** MATERIAL SUPPLIED follows **

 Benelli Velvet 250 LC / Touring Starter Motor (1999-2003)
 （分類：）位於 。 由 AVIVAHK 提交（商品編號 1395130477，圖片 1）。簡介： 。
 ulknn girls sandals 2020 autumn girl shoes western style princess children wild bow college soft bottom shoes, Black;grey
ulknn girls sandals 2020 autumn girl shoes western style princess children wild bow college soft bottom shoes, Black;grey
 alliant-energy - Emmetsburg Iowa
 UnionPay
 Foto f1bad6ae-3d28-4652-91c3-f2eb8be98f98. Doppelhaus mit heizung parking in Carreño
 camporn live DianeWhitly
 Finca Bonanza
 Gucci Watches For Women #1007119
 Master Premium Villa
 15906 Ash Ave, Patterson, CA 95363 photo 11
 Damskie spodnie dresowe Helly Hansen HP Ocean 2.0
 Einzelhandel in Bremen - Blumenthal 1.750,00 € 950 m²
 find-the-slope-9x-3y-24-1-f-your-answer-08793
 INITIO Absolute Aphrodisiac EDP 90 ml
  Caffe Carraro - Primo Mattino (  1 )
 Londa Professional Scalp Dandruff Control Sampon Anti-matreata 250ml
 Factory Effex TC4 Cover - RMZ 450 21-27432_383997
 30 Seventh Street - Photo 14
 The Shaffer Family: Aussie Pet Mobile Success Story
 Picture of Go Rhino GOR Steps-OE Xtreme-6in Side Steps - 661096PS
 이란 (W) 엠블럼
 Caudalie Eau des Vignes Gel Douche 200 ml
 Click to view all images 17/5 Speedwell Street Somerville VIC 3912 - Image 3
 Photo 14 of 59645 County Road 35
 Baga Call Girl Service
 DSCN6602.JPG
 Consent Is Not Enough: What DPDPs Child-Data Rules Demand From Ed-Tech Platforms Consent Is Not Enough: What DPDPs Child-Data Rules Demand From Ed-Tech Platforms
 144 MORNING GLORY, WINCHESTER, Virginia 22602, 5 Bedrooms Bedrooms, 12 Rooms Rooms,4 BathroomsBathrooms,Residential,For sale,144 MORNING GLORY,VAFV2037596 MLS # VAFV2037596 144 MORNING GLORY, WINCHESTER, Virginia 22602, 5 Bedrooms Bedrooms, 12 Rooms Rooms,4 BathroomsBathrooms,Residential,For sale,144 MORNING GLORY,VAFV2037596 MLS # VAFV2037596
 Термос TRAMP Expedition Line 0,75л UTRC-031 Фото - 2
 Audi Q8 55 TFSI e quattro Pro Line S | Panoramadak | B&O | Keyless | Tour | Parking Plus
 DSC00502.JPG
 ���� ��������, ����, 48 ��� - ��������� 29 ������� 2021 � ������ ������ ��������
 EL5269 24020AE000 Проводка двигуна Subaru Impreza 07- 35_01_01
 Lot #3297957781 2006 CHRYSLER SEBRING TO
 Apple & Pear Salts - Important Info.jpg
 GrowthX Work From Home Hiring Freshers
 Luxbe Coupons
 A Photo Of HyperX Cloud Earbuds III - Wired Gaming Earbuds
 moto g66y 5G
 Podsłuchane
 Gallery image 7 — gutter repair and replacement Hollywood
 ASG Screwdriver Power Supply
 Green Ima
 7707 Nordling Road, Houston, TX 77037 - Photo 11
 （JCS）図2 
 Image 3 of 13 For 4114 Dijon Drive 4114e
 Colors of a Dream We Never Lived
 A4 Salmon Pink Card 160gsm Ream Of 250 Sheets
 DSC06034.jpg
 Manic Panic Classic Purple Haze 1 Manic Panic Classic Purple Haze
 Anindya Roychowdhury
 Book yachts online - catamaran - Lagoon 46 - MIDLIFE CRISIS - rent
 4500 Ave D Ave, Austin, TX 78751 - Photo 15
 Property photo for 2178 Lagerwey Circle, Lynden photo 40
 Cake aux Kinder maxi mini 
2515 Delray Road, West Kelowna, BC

** End of MATERIAL SUPPLIED **

REQUIREMENT: Copy, character for character, the lines from the line that holds "4500 Ave D Ave, Austin, TX 78751 - Photo 15" through the final line of the records above.

EXERCISE ANSWER:
 4500 Ave D Ave, Austin, TX 78751 - Photo 15
 Property photo for 2178 Lagerwey Circle, Lynden photo 40
 Cake aux Kinder maxi mini 
2515 Delray Road, West Kelowna, BC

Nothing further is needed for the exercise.